- _Activity_: Set down exactly, with nothing added, the lines from the one containing "ﻤﻭﻟﻲ ﻫﺠﻭ ﹶـﻪ‬" through the end of the entries.

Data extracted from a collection
───
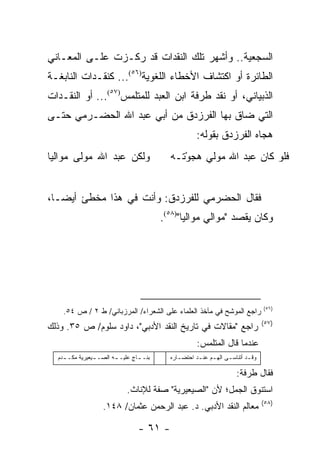 ‫ﺍﻟﺴﺠﻌﻴﺔ.. ﻭﺃﺸﻬﺭ ﺘﻠﻙ ﺍﻟﻨﻘﺩﺍﺕ ﻗﺩ ﺭﻜـﺯﺕ ﻋﻠـﻰ ﺍﻟﻤﻌـﺎﻨﻲ‬
‫ﺍﻟﻁﺎﺌﺭﺓ ﺃﻭ ﺍﻜﺘﺸﺎﻑ ﺍﻷﺨﻁﺎﺀ ﺍﻟﻠﻐﻭﻴﺔ)٦٥(... ﻜﻨﻘـﺩﺍﺕ ﺍﻟﻨﺎﺒﻐـﺔ‬
‫ﺍﻟﺫﺒﻴﺎﻨﻲ، ﺃﻭ ﻨﻘﺩ ﻁﺭﻓﺔ ﺍﺒﻥ ﺍﻟﻌﺒﺩ ﻟﻠﻤﺘﻠﻤﺱ)٧٥(... ﺃﻭ ﺍﻟﻨﻘـﺩﺍﺕ‬
‫ﺍﻟﺘﻲ ﻀﺎﻕ ﺒﻬﺎ ﺍﻟﻔﺭﺯﺩﻕ ﻤﻥ ﺃﺒﻲ ﻋﺒﺩ ﺍﷲ ﺍﻟﺤﻀـﺭﻤﻲ ﺤﺘـﻰ‬
                                                      ‫ﻫﺠﺎﻩ ﺍﻟﻔﺭﺯﺩﻕ ﺒﻘﻭﻟﻪ:‬
‫ﻭﻟﻜﻥ ﻋﺒﺩ ﺍﷲ ﻤﻭﻟﻰ ﻤﻭﺍﻟﻴﺎ‬                    ‫ﻓﻠﻭ ﻜﺎﻥ ﻋﺒﺩ ﺍﷲ ﻤﻭﻟﻲ ﻫﺠﻭ ﹶـﻪ‬
                                           ‫ْﺘ ‪‬‬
───
- _Your solution_:
‫ﻭﻟﻜﻥ ﻋﺒﺩ ﺍﷲ ﻤﻭﻟﻰ ﻤﻭﺍﻟﻴﺎ‬                    ‫ﻓﻠﻭ ﻜﺎﻥ ﻋﺒﺩ ﺍﷲ ﻤﻭﻟﻲ ﻫﺠﻭ ﹶـﻪ‬
                                           ‫ْﺘ ‪‬‬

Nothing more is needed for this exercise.